**Task directions**
Reproduce the full listing as it stands. Images do not belong in the copy.

**Recorded information**
+--
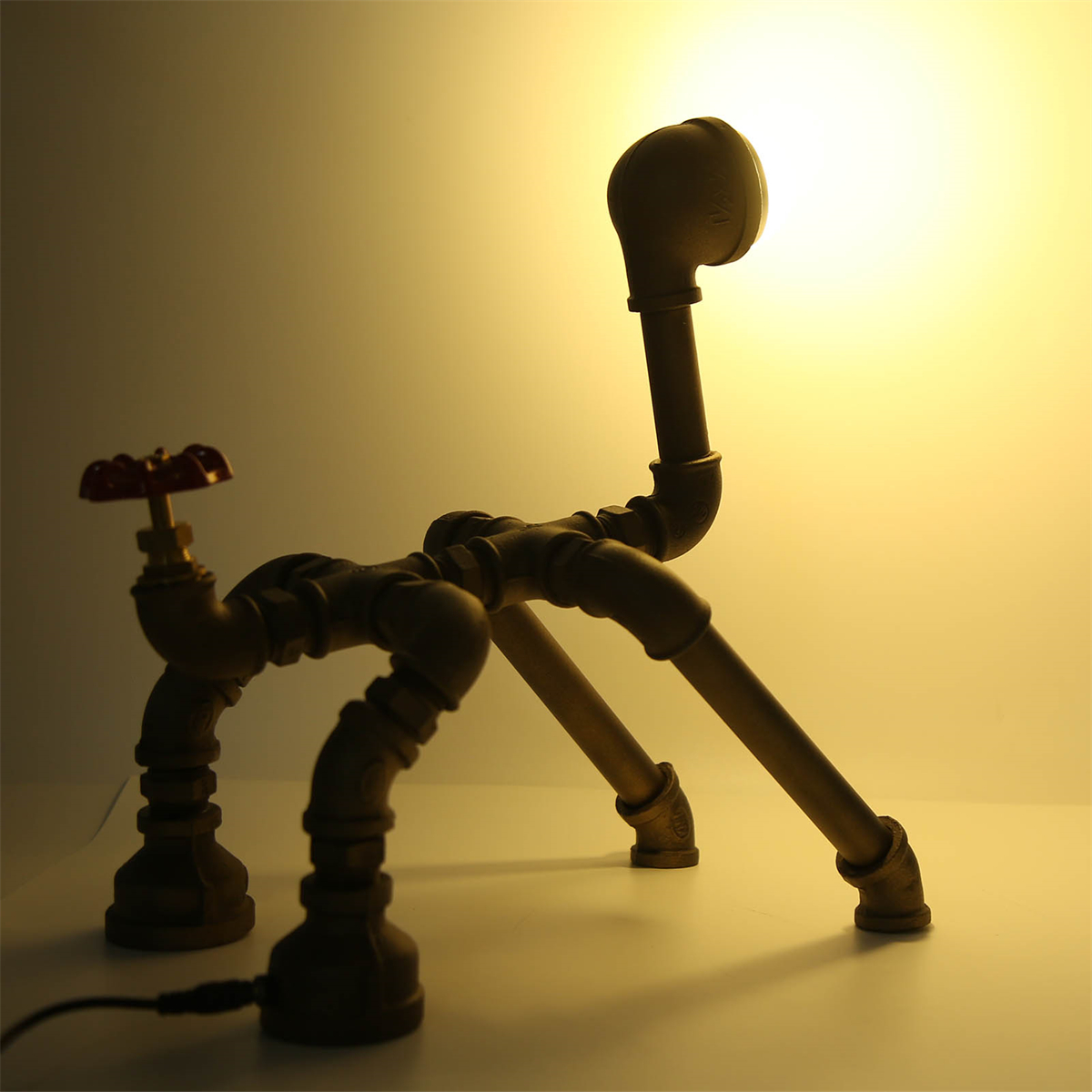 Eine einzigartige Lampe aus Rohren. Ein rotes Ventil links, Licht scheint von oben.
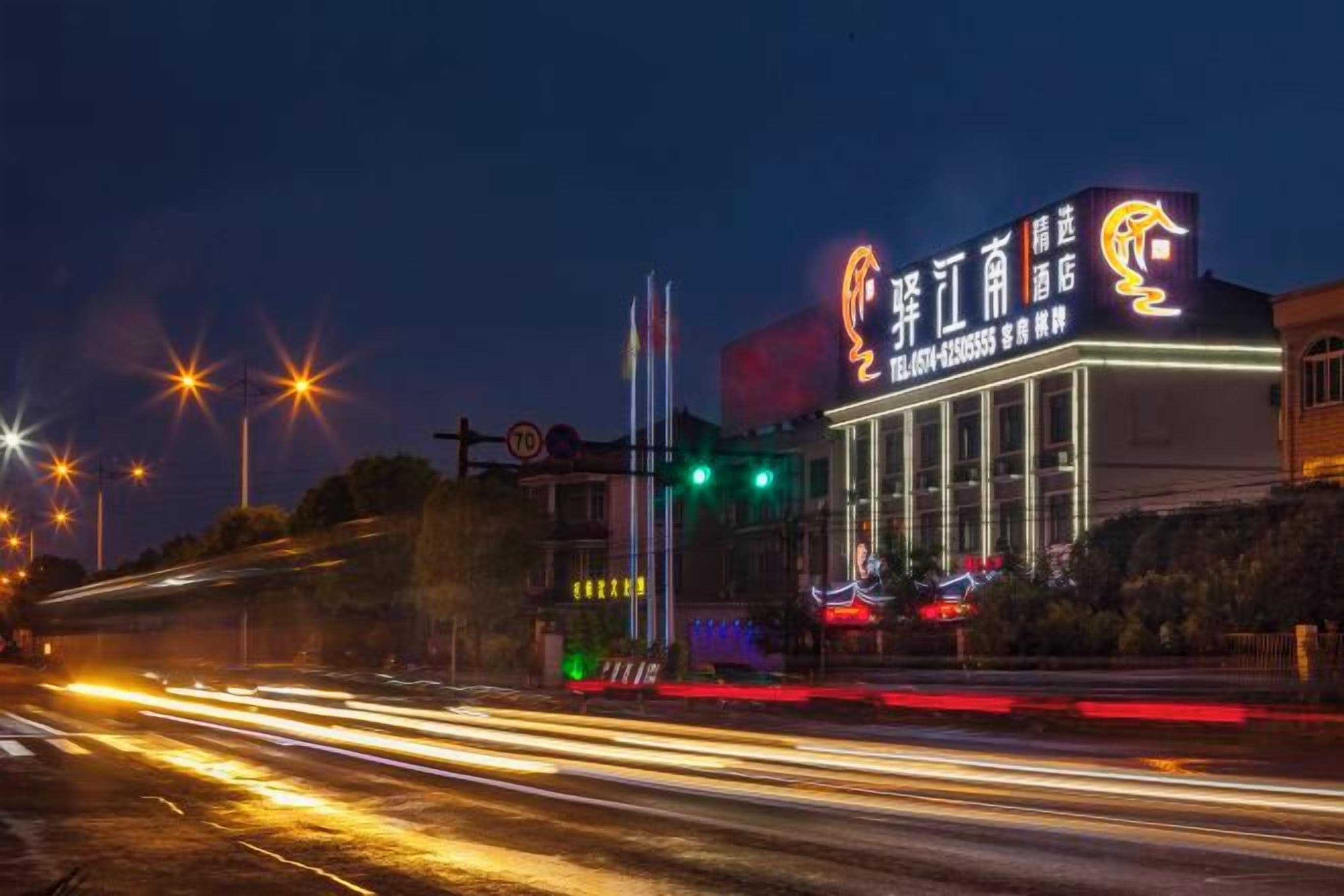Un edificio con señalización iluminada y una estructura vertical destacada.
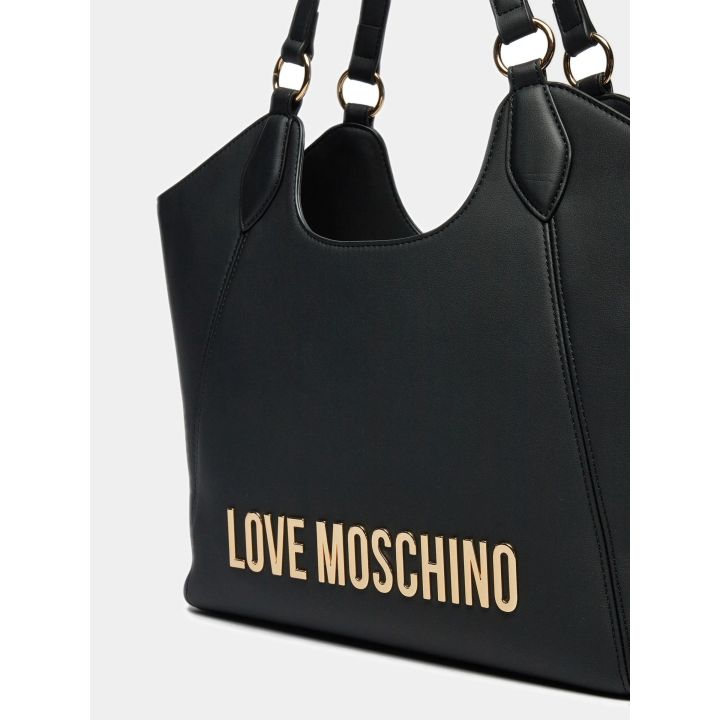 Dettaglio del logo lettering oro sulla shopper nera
+--
**Exercise solution**
 Eine einzigartige Lampe aus Rohren. Ein rotes Ventil links, Licht scheint von oben.
Un edificio con señalización iluminada y una estructura vertical destacada.
 Dettaglio del logo lettering oro sulla shopper nera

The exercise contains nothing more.